### WHAT IS EXPECTED
Output, exactly as written, the lines below starting at the line containing "ART. P744 PALLONCINO" and ending at the line containing "Kaiserreich Patriotische Uhrenkette". Drop the pictures and keep both end lines.

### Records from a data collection
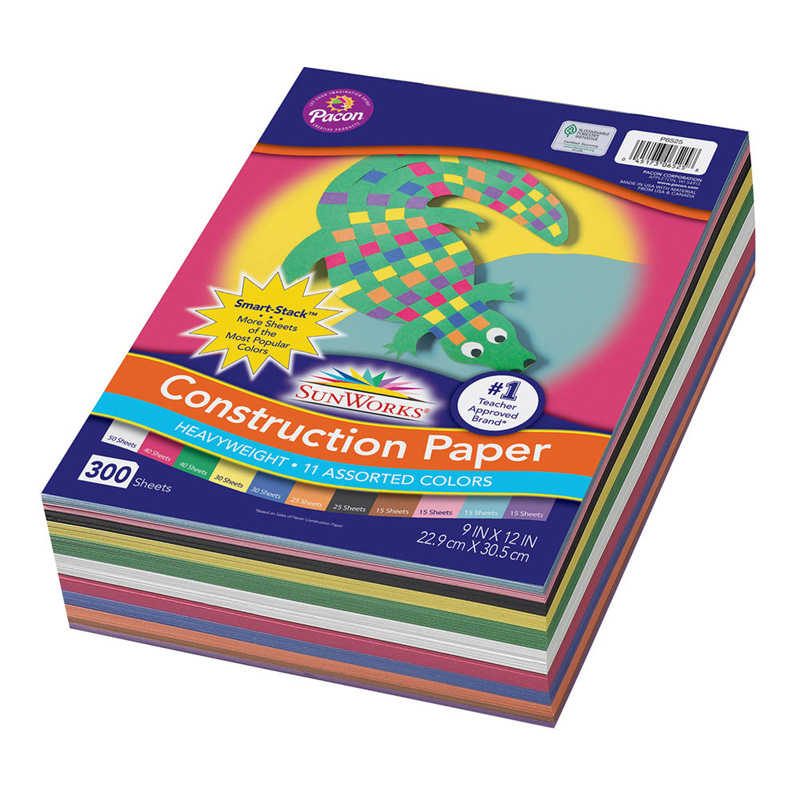 TeachersParadise - SunWorks® Construction Paper, 11 Assorted Colors, 9 ...
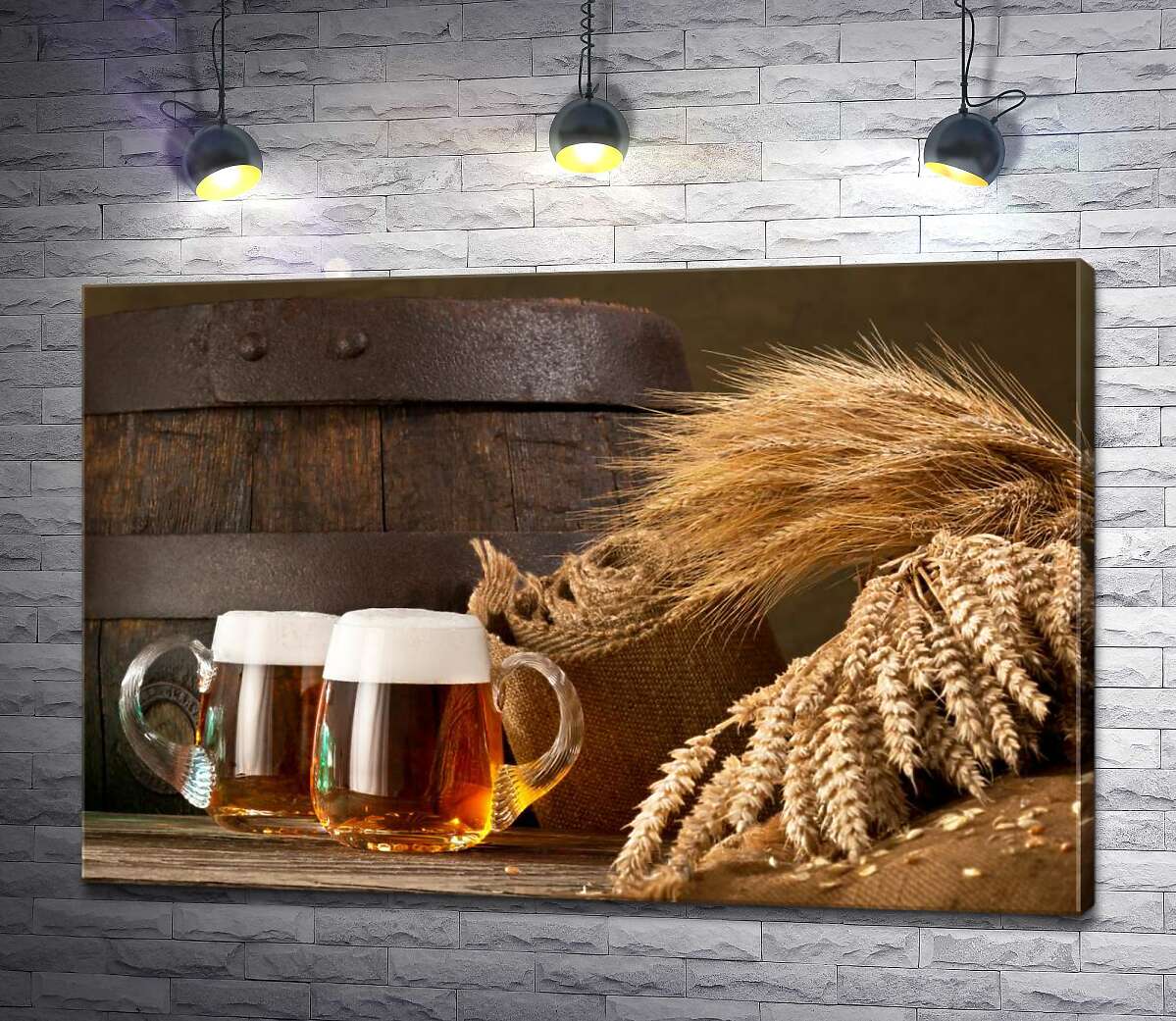 картина Бокалы пива в окружении снопов пшеницы и ячменя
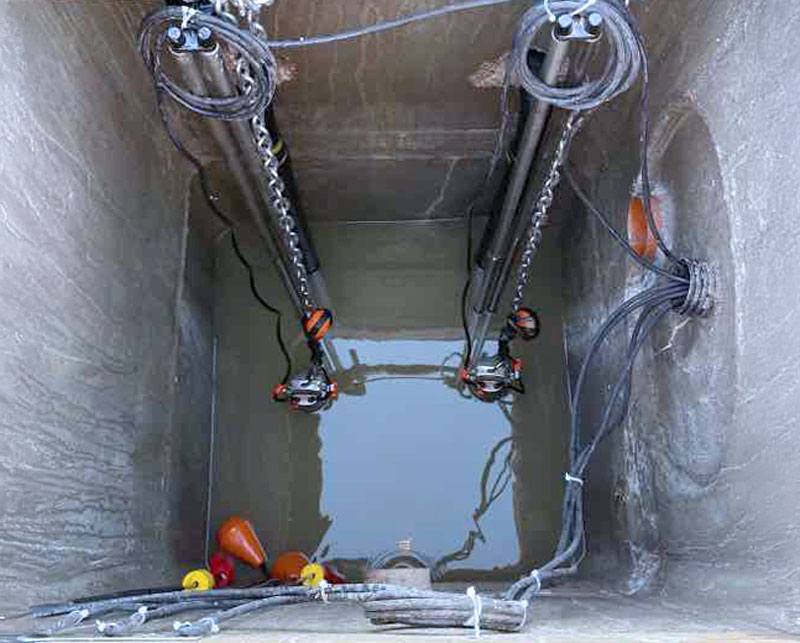 Pompe sommerse per pozzi in stazione di sollevamento acque nere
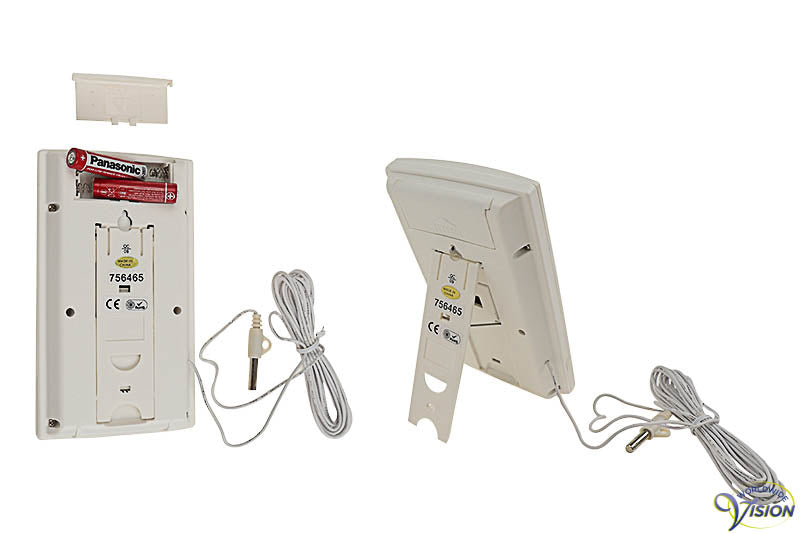 Thermometer with clock, English speaking, for indoors and outdoors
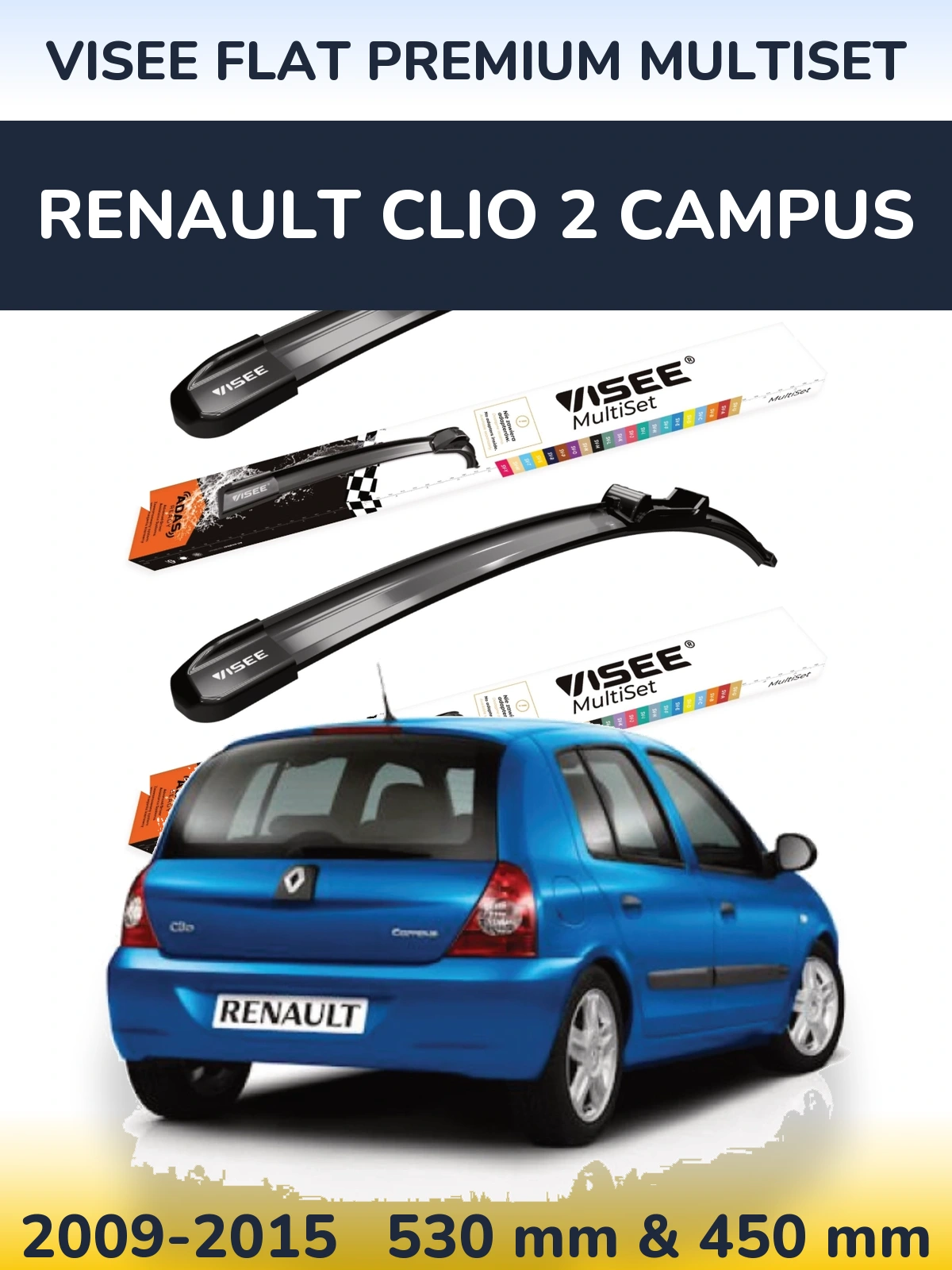 Комплект передніх щіток VISEE FLAT PREMIUM MultiSet 530 & 450 мм для Renault Clio 2 Campus 2009-2015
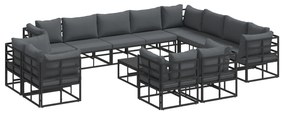 vidaXL Σετ Καναπέ Κήπου 13 pcs Μαύρο 70 x 70 x 32 εκ Αλουμίνιο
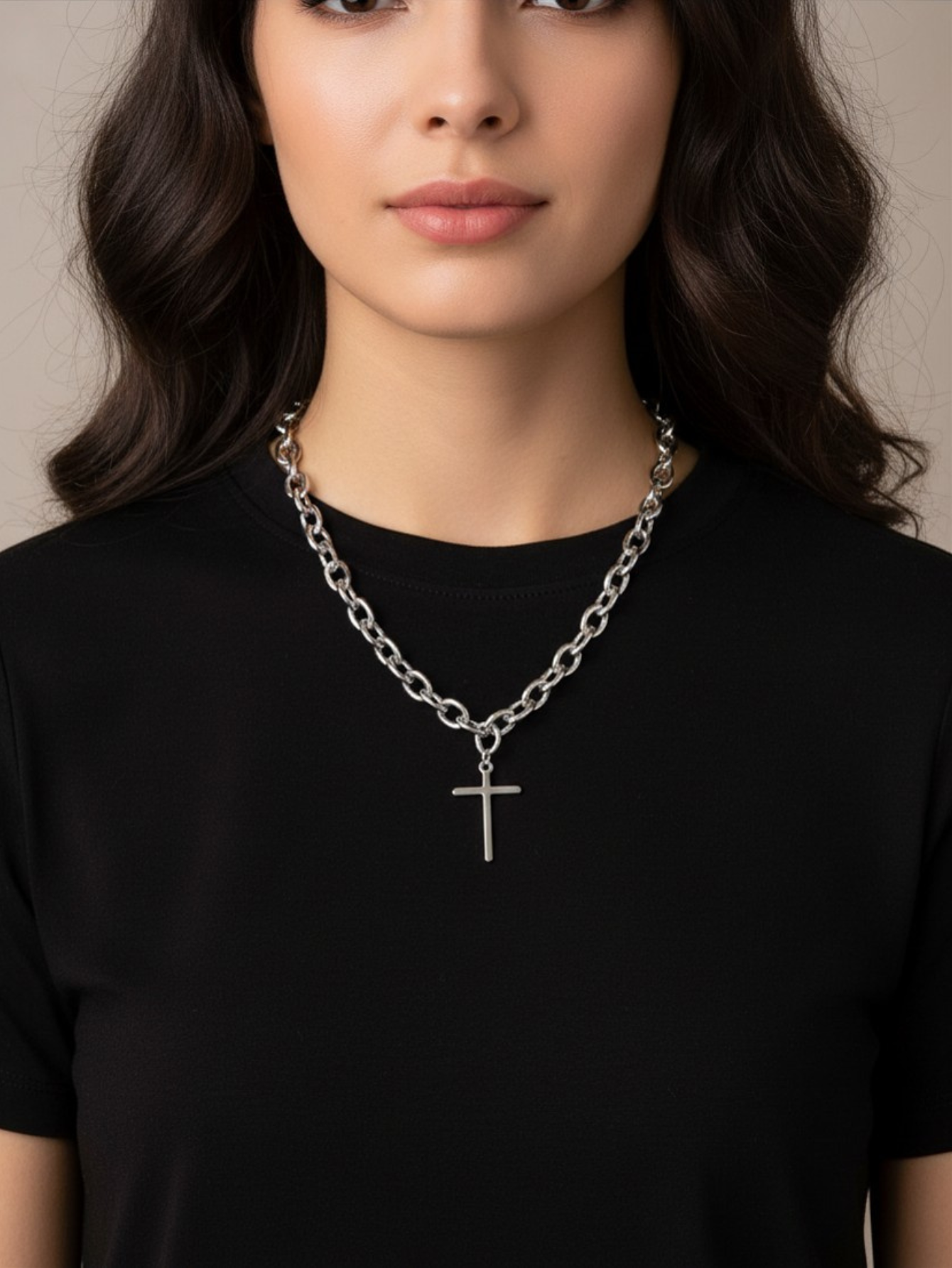 Chunky Cross Chain Necklace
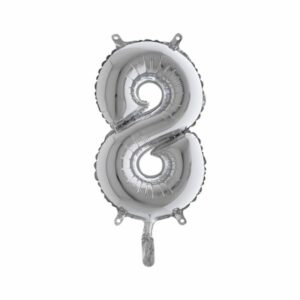 ART. P744 PALLONCINO MYLAR NUMERO 8 ARGENTO 14" 36CM PER FESTA, PARTY, COMPLEANNO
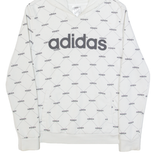 ADIDAS Womens White Hoodie S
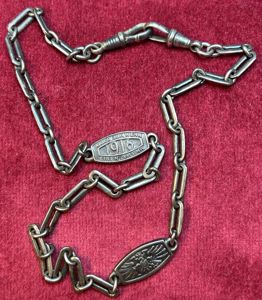 Kaiserreich Patriotische Uhrenkette 'Gold zur Wehr Eisen zur Ehr 1916'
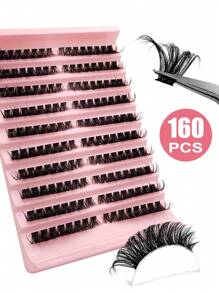 Sibeuna 160 cụm mi giả D-Curl 8-16mm, Bộ 100 cụm mi giả mềm mại, Cụm mi giả dày, Mi giả riêng lẻ, Cụm mi giả lông chồn, Mi giả dày - màu đen - Xem 5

### REPLY TO THE TASK
 ART. P744 PALLONCINO MYLAR NUMERO 8 ARGENTO 14" 36CM PER FESTA, PARTY, COMPLEANNO
 ADIDAS Womens White Hoodie S
 Kaiserreich Patriotische Uhrenkette 'Gold zur Wehr Eisen zur Ehr 1916'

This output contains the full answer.